Just as all the seemingly hard questions are over, the interviewer will invariably ask the candidate whether they have any questions themselves – and this is often seen as important as the rest of the interview, according to Clarke.
“Not asking any questions at all should not be an option as an interviewer will take this as a sign of disinterest,” he says. “However, you can blow the interview completely by asking the wrong type of question. It is never a good idea to rush straight in and ask about holiday entitlement, length of tea breaks, lunch breaks etc. This will give the employer the sign of your priorities in the workplace and it won’t be a good one. I would go so far as to say that second to not asking anything at all, questions such as these could seal your fate completely.”

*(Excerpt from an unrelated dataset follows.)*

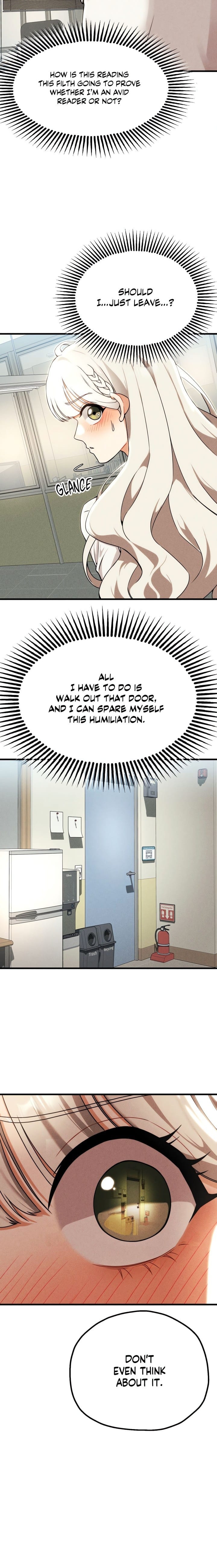 Cliterary Book Club (Uncensored), chapter 1, page 9 of 32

Clarke suggests asking questions about the role, the department, training, reporting lines and opportunities for promotion.
It is important to remember that the interview process is not adversarial – the interviewer needs to find the right person for the job, and is keen that you give them the evidence that will enable them to decide on you, Warnes says.
“While it may feel strange to prepare and practice in order to come across as spontaneous and authentic, that’s the name of the game,” he says. “You’ve usually only got an hour to impress someone that you are the person they want, so it is really worth putting in the time beforehand to help you make the most of every opportunity you have to impress.”
How to ace the interview
- Prepare an "I’m fabulous” file. Make sure to incorporate examples of past successes and ways you have contributed to your previous employers into the discussion.
- Stay positive. If you’ve been out of work for a while, don’t apologise. Employers know it’s a tough job market. What they’ll be looking for is how active you have been, did you volunteer, take a class, do something to grow professionally. Emphasise what you learned from the experience.
- Come in with ideas. One of the best ways to stand out is to show that you’re already thinking like an employee.